Just one point I disagree with--based on a little Google research I did regarding a chicken dish, the botulism spores in honey will NOT be killed by the heat of a conventional oven. They can pretty much withstand a nuclear holocaust and still cause dangerous reactions in babies.

I also skipped the entire rice cereal bit. Reason? I don't enjoy food that has the look/consistency/taste (I'm guessing?) of wallpaper paste...why do I think my kid would? I also think baby food in general but cereals in particular are all about marketing. When I thought she was ready for it and would like it, I gave her regular Quaker oats, with cinnamon and a teeny bit of sugar. She still eats it like that now (at 21 months), albeit a bigger portion.

If I recall, her first food was banana, mashed and used as finger paint.
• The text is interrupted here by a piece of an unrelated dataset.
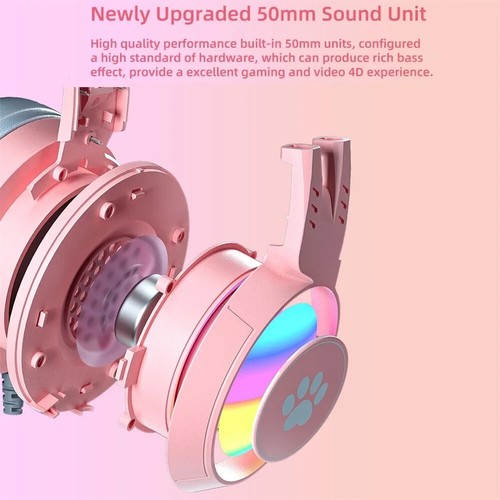 Wired Stereo Gaming Headset with mic, One Headset and LED Light w\ microphone - Picture 6 of 7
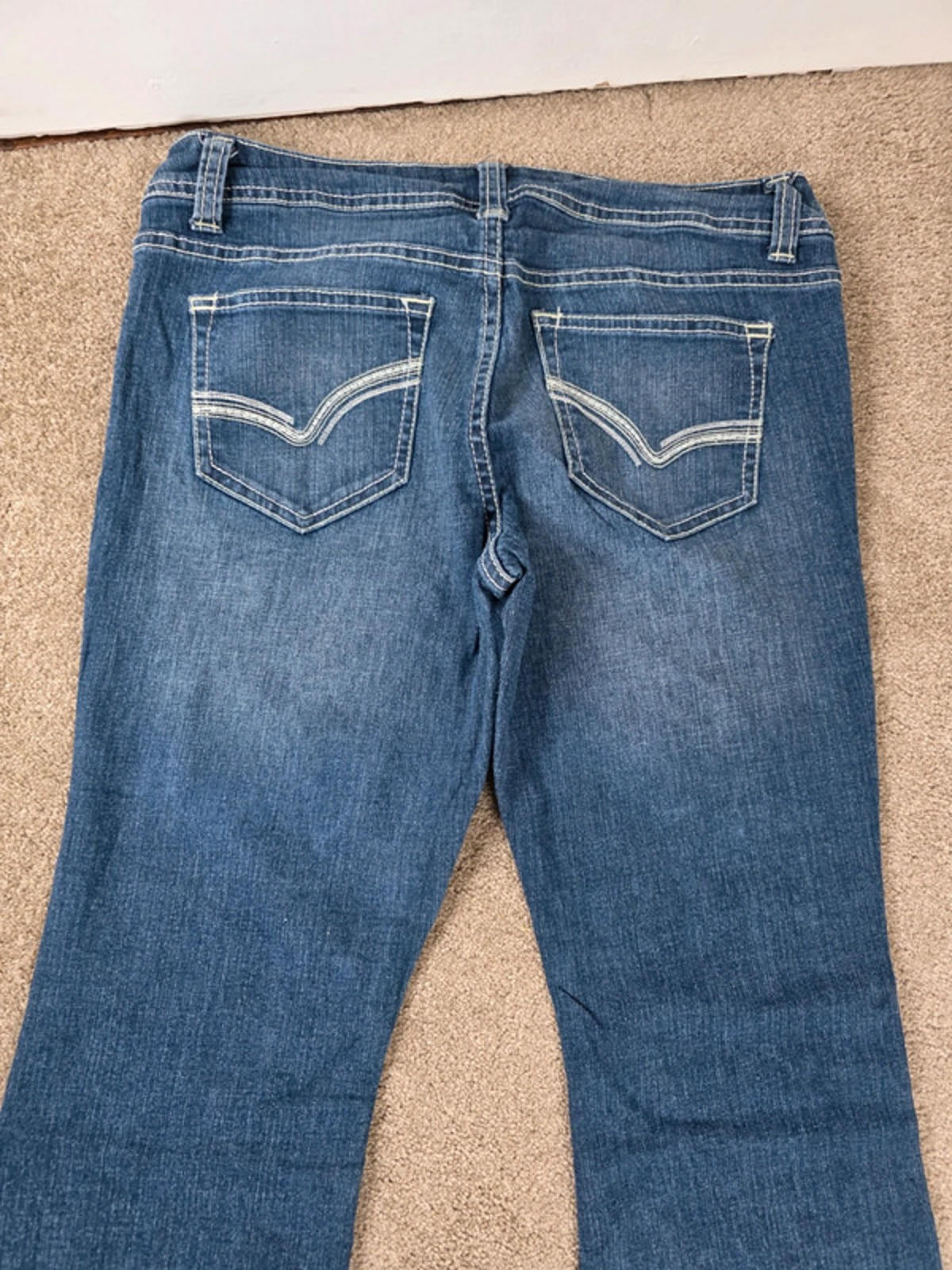 Vintage Y2K No Boundaries Low Rise Flared Jeans UK Size 12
Why on earth would you pay Beech Nut (or Earth's Best) to mash a banana for you when your 7-month old is thrilled to squish it through her fingers? We did cooked sweet potatoes this way too. Personally, I think one of the *greatest* foods for babies/toddlers is avocado--when was the last time you saw that in a jar?

I did a little bit of cooking, mashing and freezing, but ultimately it was easier to tailor what we were eating just a touch to her. So if we had grilled zucchini, I set aside a bit, shredded it with a grater and steamed it. There was a point where we were eating a lot of sweet potatoes because she wasn't interested in regular ones. Not a big deal.

The marketing aspect of this drives me a little batty--people I know are still feeding their 2 year olds "toddler biscuits" (aka cookies) or "veggie puffs." How isn't this junk food? I'm not saying my toddler doesn't eat a cookie from time to time, but more often than not it's one that I've made from scratch, so at least I know what's in it--definitely sugar, but it's also likely to have whole rolled oats and raisins. We also know people who give their kids candy before they know what it is or how to ask for it! WHY WHY WHY????? They'd be satisfied with a cracker or fruit! But I digress...

Oh, just to note, there are things she doesn't like, to be sure (like broccoli, no matter how hard we try). But in general she is a better eater than most of her playgroup peers; her menu includes fish, tofu, whole wheat pasta, and (a huge favorite) split pea soup. She eats steamed baby carrots like candy and is a general fruitaholic. Give the kids food with taste and it's all good!


Here's the info I found with the easiest language about honey and botulism:
I'm not sure it answers the question, really. It says that regular botulism spores can be killed by heating at 176 degrees F for 20 minutes (which is what I remembered from my food safety days). But it doesn't specifically address honey botulism. The other thing tot ake into account is that even if botulism spores are killed, there's still the poison they leave behind, which can make you really sick. This article is saying one year for the honey, though, not two.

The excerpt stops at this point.